[edit]
Measuring and Closing the Retrieval Gap in Financial Question Answering
Proceedings of the The 39th Canadian Conference on Artificial Intelligence, PMLR 318:1157-1161, 2026.
Abstract
Retrieval-augmented generation (RAG) is increasingly applied to financial question answering over long regulatory documents, yet evaluations typically measure only chunklevel retrieval or end-to-end answer quality, leaving a systematic understanding of where and why pipelines fail out of reach. We introduce an oracle-based evaluation framework that decomposes retrieval performance into document, page, and chunk discovery, providing empirical upper bounds at each granularity and exposing a consistent retrieval gap that persists even when the correct document is found. We systematically evaluate several retrieval strategies on 150 FinanceBench questions, spanning dense, sparse, hybrid, hierarchical, query reformulation, and reranking methods using a shared multi-document index. Our analysis shows that while methods such as Multi-HyDE and cross-encoder reranking improve document recall, page-level retrieval substantially lags behind oracle bounds across all baselines.
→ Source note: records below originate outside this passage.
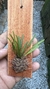 Acianthera parva - loja online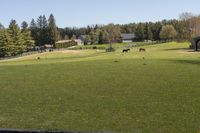 Green Grass Fields in the Ontario Countryside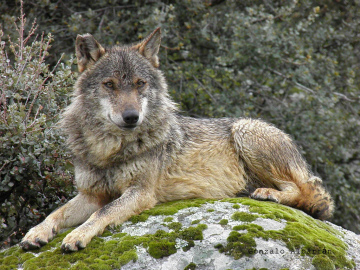 Lobo ibérico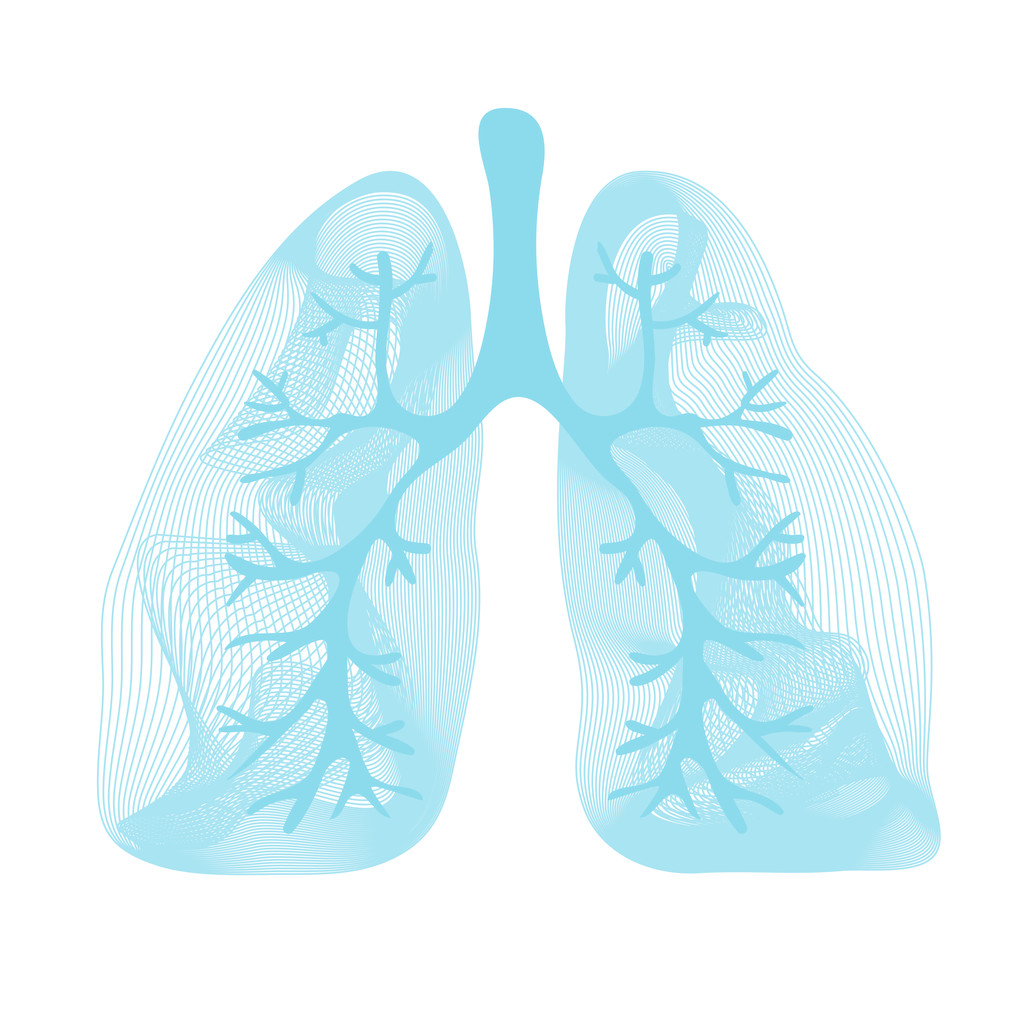 Lungs symbol. Breathing. Lunge exercise. Lung cancer (asthma, tuberculosis, pneumonia). Respiratory system. World Tuberculosis Day. World Pneumonia Day. Health care图片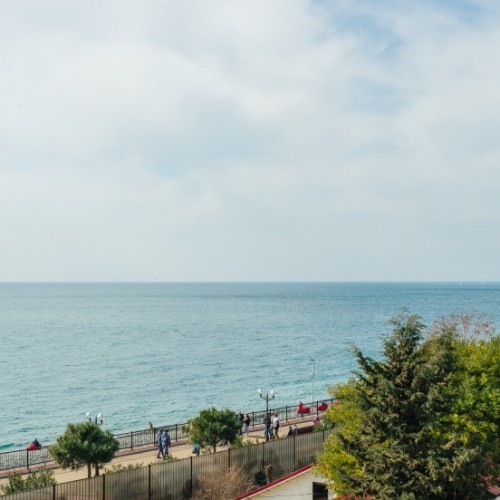 Лёгкий треккинг в субтропиках с проживанием в гостинице в Адлере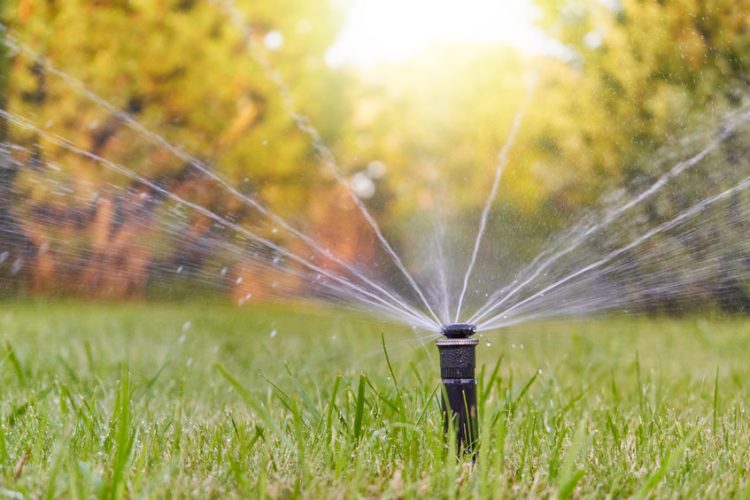 Fix a broken sprinkler head- Helpful DIY Guide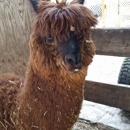 Palm Harbor Pet Grooming - Pet Grooming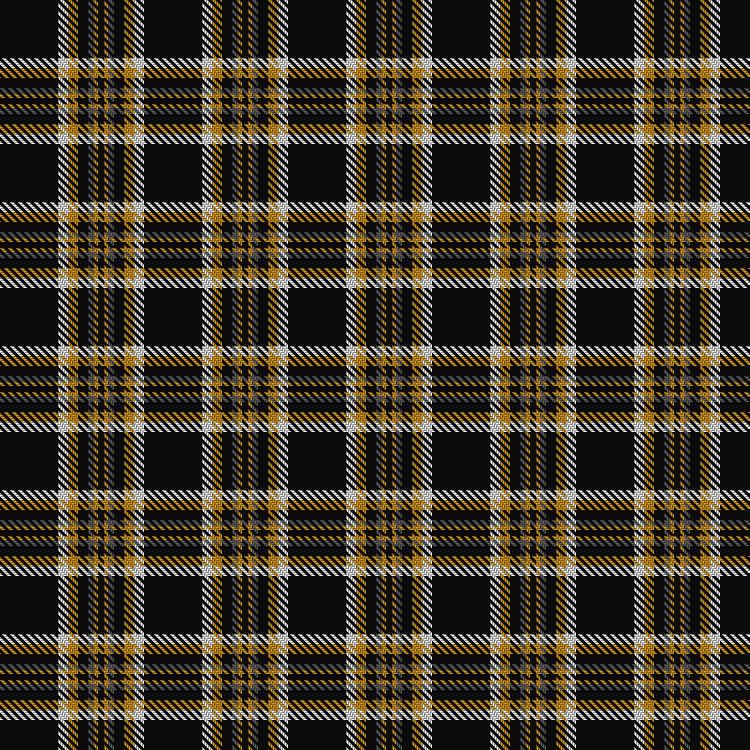 Tartan image: Dumbarton Football Club. Click on this image to see a more detailed version.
We further break down performance by question type and document type, revealing that retrieval difficulty varies significantly across these dimensions and that no single strategy closes the gap uniformly. As a targeted intervention, we introduce a domain fine-tuned page scorer that ranks pages before chunk retrieval, achieving strong gains under cross-validation, suggesting that domain-specific and page-level modeling is a promising direction.